[Exercise] All of the data below should be printed again exactly, pictures excluded.

[Stored data]

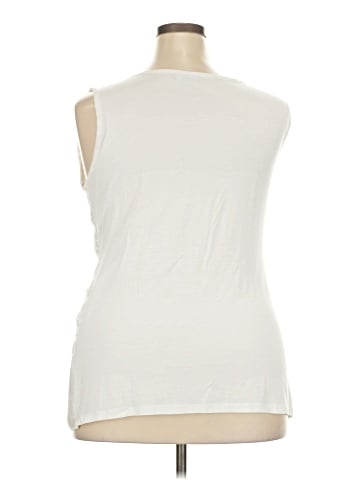 Avenue Sleeveless Blouse (view 2)
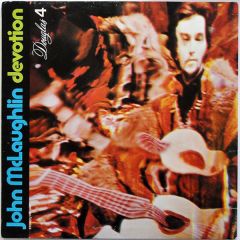 John Mclaughlin - John Mclaughlin - Devotion - Douglas
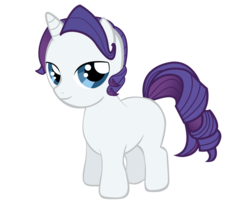 Size: 900x724 | Tagged: safe, artist:icedroplet, part of a set, rarity, pony, g4, colt, colt elusive, elusive, male, rule 63, simple background, solo, transparent background, vector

[Result of the exercise]
 Avenue Sleeveless Blouse (view 2)
 John Mclaughlin - John Mclaughlin - Devotion - Douglas
 Size: 900x724 | Tagged: safe, artist:icedroplet, part of a set, rarity, pony, g4, colt, colt elusive, elusive, male, rule 63, simple background, solo, transparent background, vector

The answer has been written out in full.